▶ _RECORD EXCERPTS_
<<<<

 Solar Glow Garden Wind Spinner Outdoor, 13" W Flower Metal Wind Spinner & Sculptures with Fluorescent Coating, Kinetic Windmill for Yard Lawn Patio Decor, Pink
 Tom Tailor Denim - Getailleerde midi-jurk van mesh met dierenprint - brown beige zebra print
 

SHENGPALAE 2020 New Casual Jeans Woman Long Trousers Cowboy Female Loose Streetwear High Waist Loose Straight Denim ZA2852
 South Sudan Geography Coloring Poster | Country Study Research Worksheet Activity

>>>>
<<<<

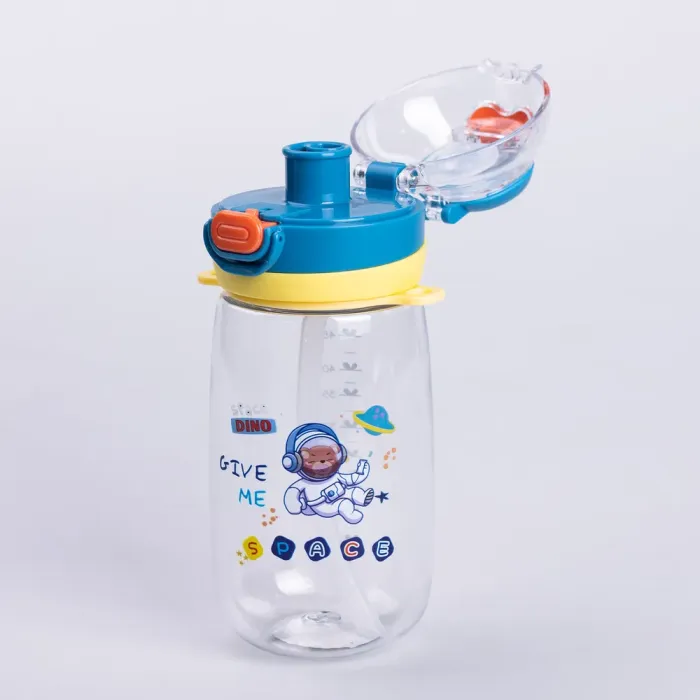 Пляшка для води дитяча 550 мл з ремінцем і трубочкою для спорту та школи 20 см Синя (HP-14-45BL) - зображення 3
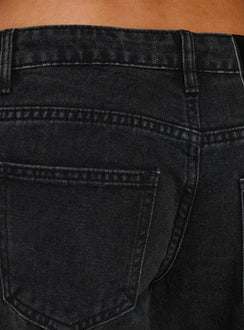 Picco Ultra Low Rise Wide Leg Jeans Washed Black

>>>>

▶ _EXERCISE DIRECTIONS_
Out of the material above, output word for word the line with "Tom Tailor Denim", the line with "South Sudan Geography", and all lines between them, with nothing else.

▶ _THE ANSWER_
 Tom Tailor Denim - Getailleerde midi-jurk van mesh met dierenprint - brown beige zebra print
 

SHENGPALAE 2020 New Casual Jeans Woman Long Trousers Cowboy Female Loose Streetwear High Waist Loose Straight Denim ZA2852
 South Sudan Geography Coloring Poster | Country Study Research Worksheet Activity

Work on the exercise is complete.